E l'"arma" più comune in mano agli insegnanti era proprio la ferula, un vero e proprio strumento di lavoro e, come tale, i maestri ne tenevano da parte sempre un'abbondante scorta.

Il ritardo o una lieve indisciplina di solito erano puniti con il far mettere l'alunno in ginocchio con sotto le sue stesse mani oppure dei ceci o delle noci. 'A sputazza o nasu veniva messa (su ordine del maestro) dall'alunno più bravo al compagno meno bravo, intingendo la punta dell'indice in bocca e toccando con la saliva il naso del negligente. Allo scolaro svogliato e disattento veniva imposta la mitra di carta con disegnati gli orecchi d'asino e la scopa in mano, quindi lo si costringeva a girare nei locali scolastici seguito dallo sfottò dei compagni.
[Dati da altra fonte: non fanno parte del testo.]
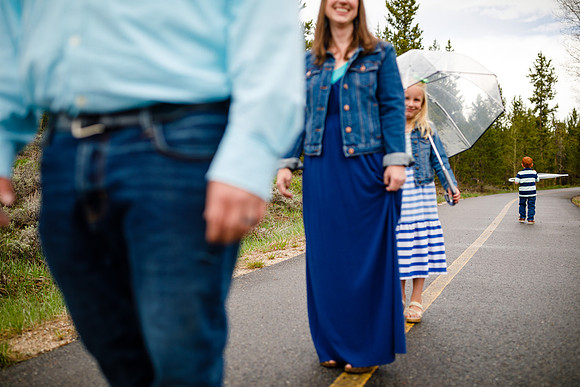 Estes_Family_Spring2019_Edited-41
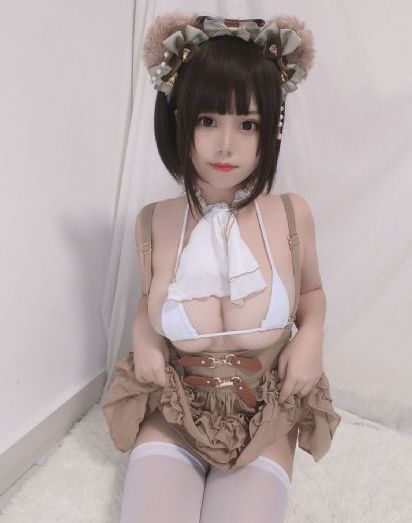一分钟电影在线观看免费完整版_1080P电视剧在线观看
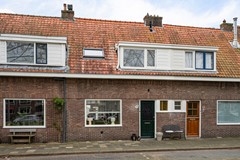 Nieuw in verkoop: Hanekamp 47, 8023 TE Zwolle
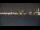 Webcam in Istanbul, 3.1 km entfernt
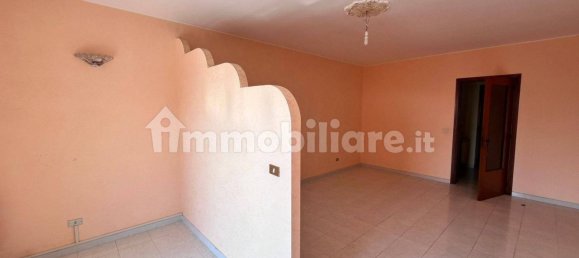 2 bedrooms Apartment in Avola, Italy No. 352801 13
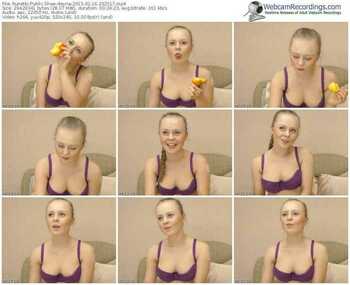 runetki-deyna-public-show-02_16_2015-20_25_17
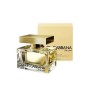 Dolce & Gabbana Kadın Parfüm 81037117 Dolce Gabbana The One Edp 100 Ml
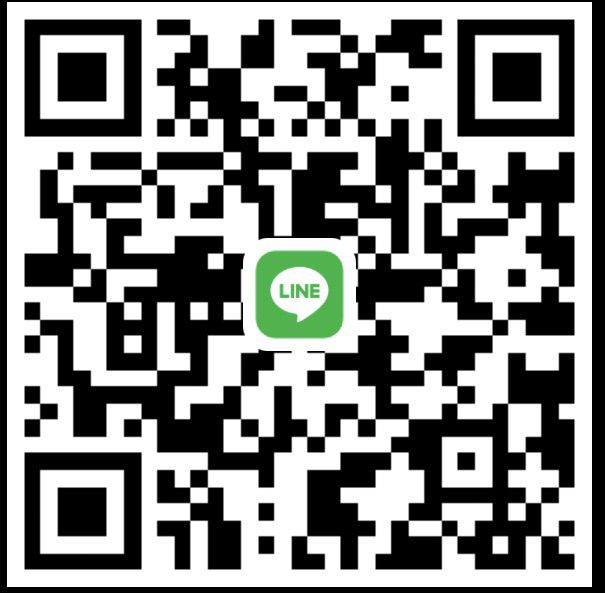 นาฬิกา ยุค90 รูปที่ 9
Ai chiacchieroni e ai bugiardi veniva applicato alla bocca il bavaglio di ferro o di oleandro (si badi: la pianta è tossica, in ogni sua parte!), laddove ai piccoli bestemmiatori veniva punta la lingua con un grosso ago.

I colpi di ferula (a volte sostituiti dalla riga) nella palma della mano (palmate) comunque erano i più praticati, i più efficaci, i più sbrigativi. Venivano somministrati sempre in numero pari e a mani alterne per dare modo alla mano colpita di raffreddarsi. E guai e ritirare la mano o a tenerla bassa: la serie di palmate veniva raddoppiata. C'erano pure maestri forniti di frusta e anche di lunghi virgulti per potere comodamente colpire il reo dalla cattedra.
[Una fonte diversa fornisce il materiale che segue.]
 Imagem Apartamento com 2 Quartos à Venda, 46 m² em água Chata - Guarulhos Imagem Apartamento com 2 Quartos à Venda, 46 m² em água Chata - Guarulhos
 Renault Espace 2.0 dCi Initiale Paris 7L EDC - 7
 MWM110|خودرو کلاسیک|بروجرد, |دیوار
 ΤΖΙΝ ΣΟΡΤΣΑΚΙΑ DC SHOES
Altra punizione era quella del cavallo che consisteva nel somministrare colpi di ferula nel deretano del ragazzo, aggrappato alle spalle di un compagno di classe. Seguivano schiaffi, schiaffoni, strapazzate varie e altri marchingegni, secondo l'inventiva e i gusti del maestro.

La crudeltà di siffatti "mezzi di educazione" a poco a poco incominciò ad attenuarsi ma, anche se in seguito furono proibiti dai regolamenti e condannati dalle autorità superiori, questi "metodi" ebbero bisogno di oltre un secolo per scomparire definitivamente o quasi.